Vilnar mengangguk. "Kali ini aku sangat yakin. Inilah keputusan terbaik yang aku buat semenjak aku datang ke sini."

Vilnar mencium istrinya lagi lalu berjalan keluar kamar. Setelah memastikan keadaan di sekitar rumah aman dan tak ada seorang pun yang melihat, ia segera mengambil sekarung daging rusa yang telah diawetkan dan beberapa kantung minuman dari gudang di lantai dasar.

Ia keluar melalui pintu belakang, kemudian berjalan mengitari desa lewat jalan yang sepi menuju ke tepi sungai. Ia meletakkan bawaannya di sebuah tempat yang tersembunyi di balik pepohonan, kemudian mengambil perahunya yang ditambatkan tak jauh dari dermaga. Vilnar menaikkan barang-barangnya ke atas perahu, lalu berjalan kembali ke rumah.

Ia yakin tidak ada yang melihatnya.
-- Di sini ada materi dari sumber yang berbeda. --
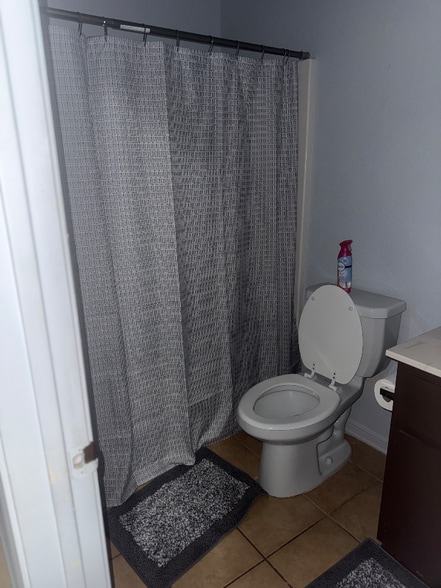 Building Photo - 2701 Seabiscuit Dr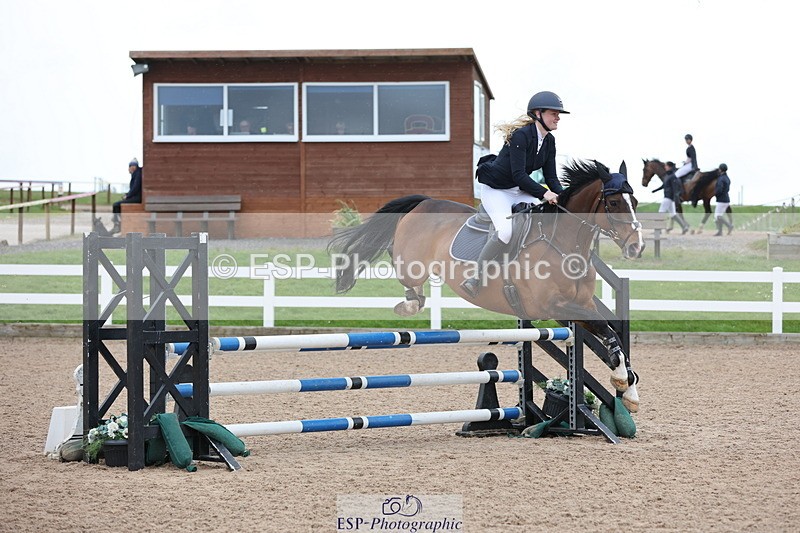 240406A-112853-03087 - Cls 20 British Novice and 90cm Open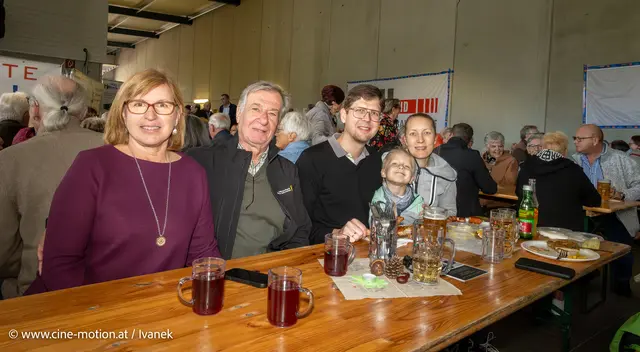 Johann Prendl mit Mathias Past und Gattinnen (vlnr). | Foto: www.cine-motion.at / Ivanek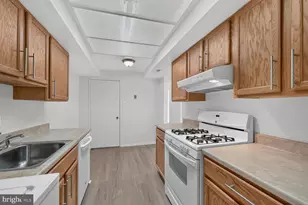 10251 Prince Pl, Upper Marlboro, MD 20774 - Photo 9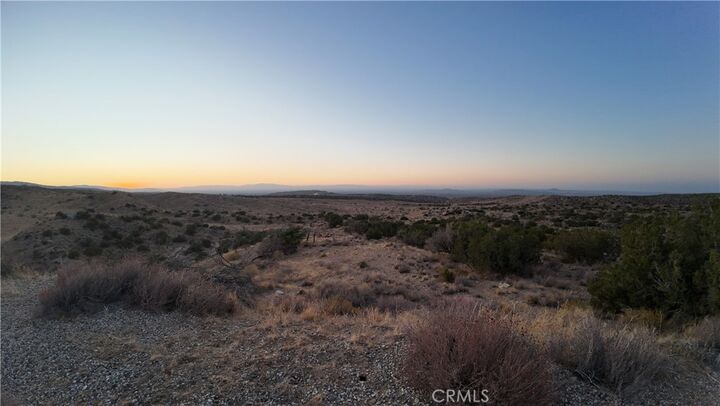 Property Photo:  0 Longview Rd/Punchbowl Rd/Vic Ave Y6  CA 93543 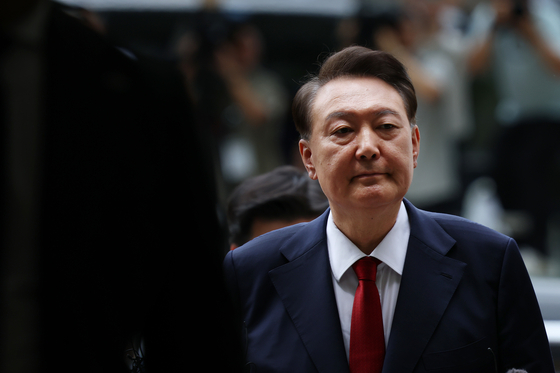 12·3 비상계엄과 관련해 특검의 수사를 받는 윤석열 전 대통령이 두 번째 구속 전 피의자심문(영장실질심사)를 받기 위해 지난 9일 오후 서울 서초구 중앙지방법원으로 출석하고 있다. 뉴스1
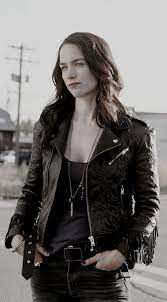 Pin By Arietis On Melanie Scrofano Melanie Scrofano Tracy Spiridakos Leather Jacket
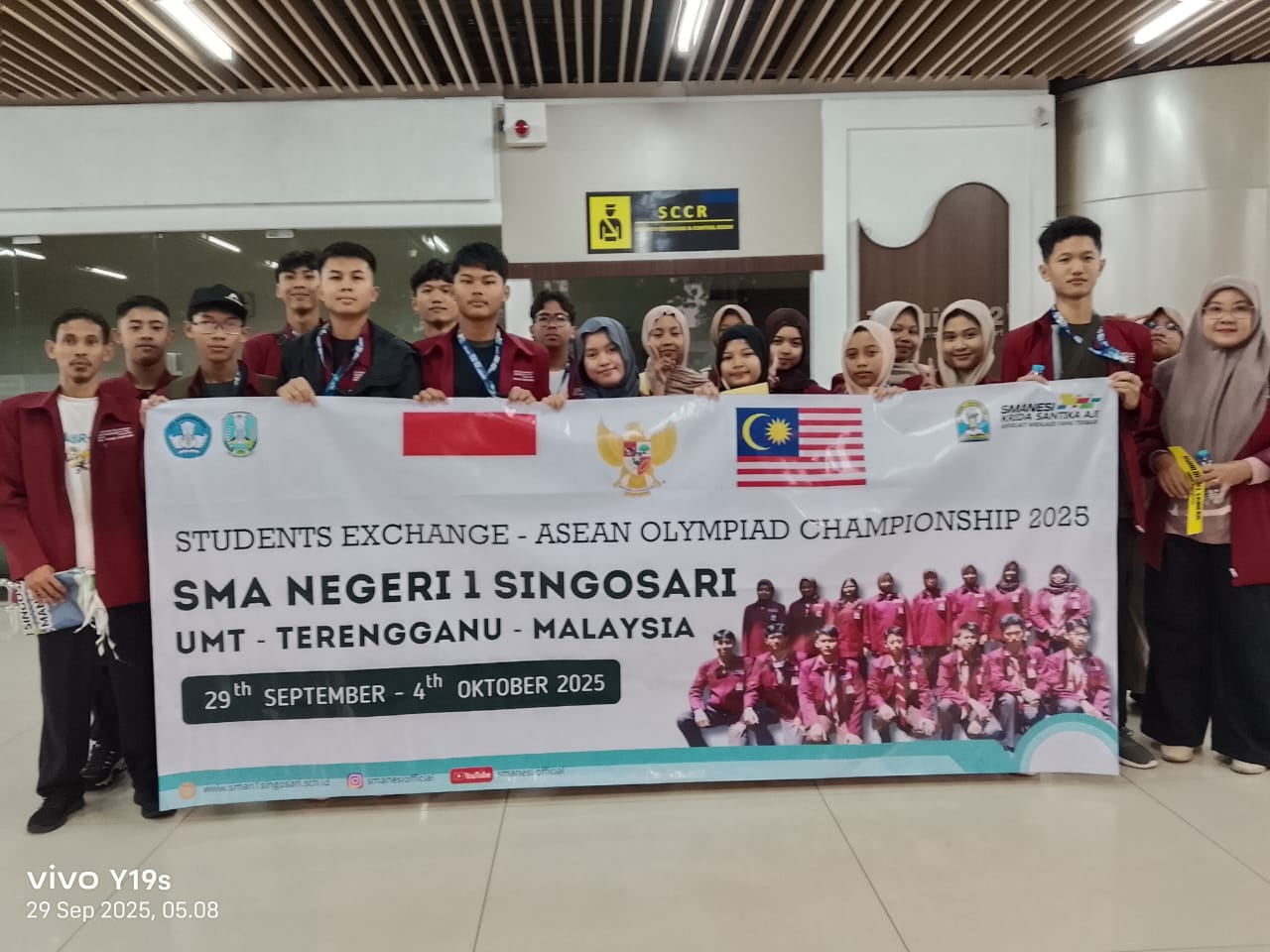 TAMPIL BEDA: 18 siswa dari SMAN 1 Singosari mengikuti program Student Exchange ke Malaysia, pada 29 September - 4 Oktober lalu.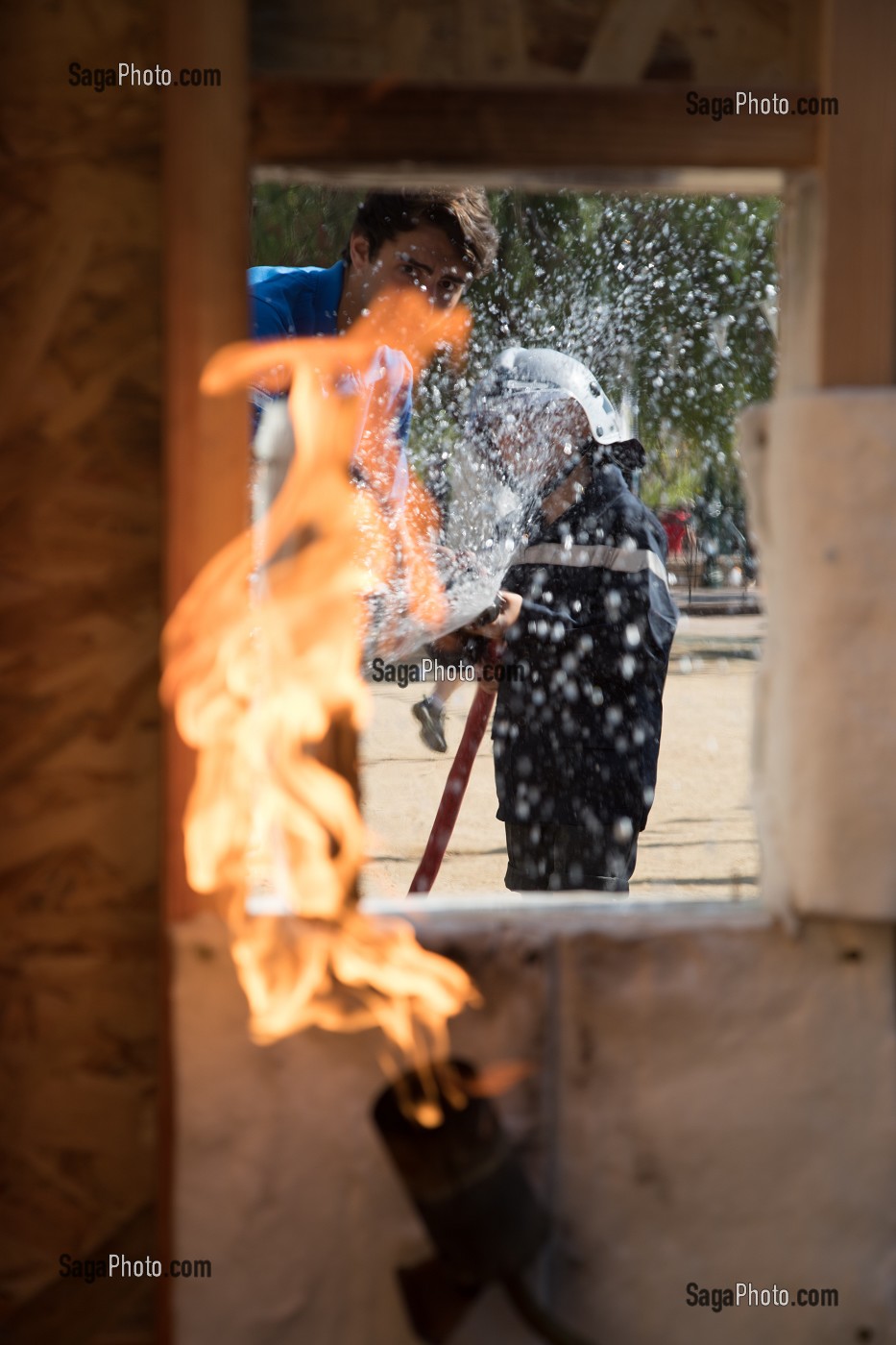 INITIATION DECOUVERTE DU METIER DE SAPEUR-POMPIER, CONGRES NATIONAL DES SAPEURS-POMPIERS DE FRANCE, AJACCIO, CORSE DU SUD (2A), FRANCE 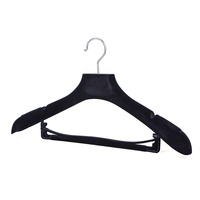 Cintre pour robe de mariage noir pour femmes en velours à épaules larges avec logo personnalisé de boutique Cintre pour veste et costume Cintre en plastique pour manteau et chemise antidérapant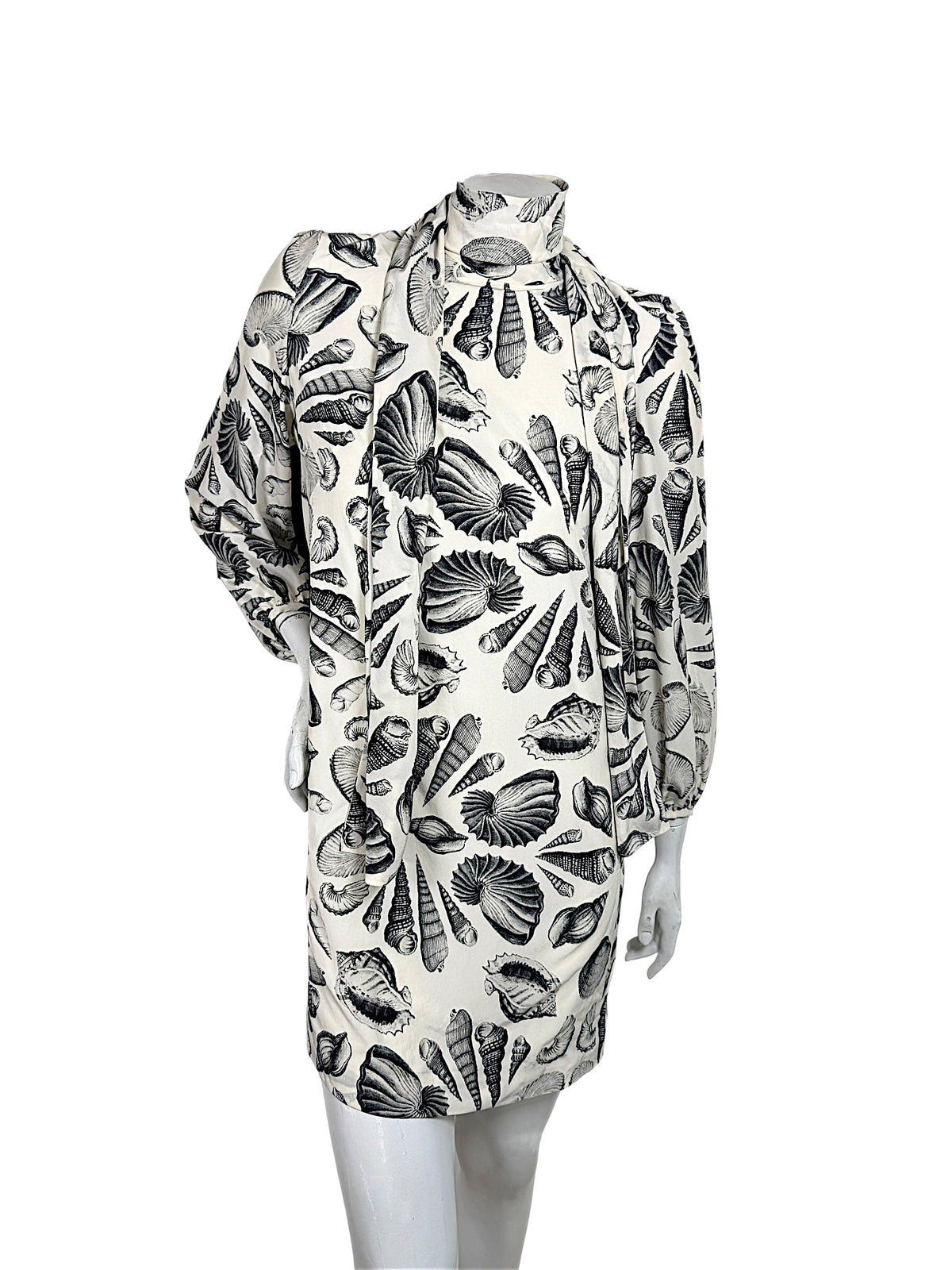 Alexander McQueen Resort 2019 ivory and black seashell print silk scarf-tie mini dress front view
Para penduduk sudah tertidur lelap dan mestinya para penjaga juga hanya berjaga di sekitar balai desa.

Di kamarnya Vilnar mengenakan mantel dan meraih kapaknya. Ailene juga sudah mengenakan mantelnya dan menggendong Vahnar di dadanya. Setelah memastikan semuanya siap, mereka berdua pun mengendap-endap keluar dari rumah menuju ke tepian sungai.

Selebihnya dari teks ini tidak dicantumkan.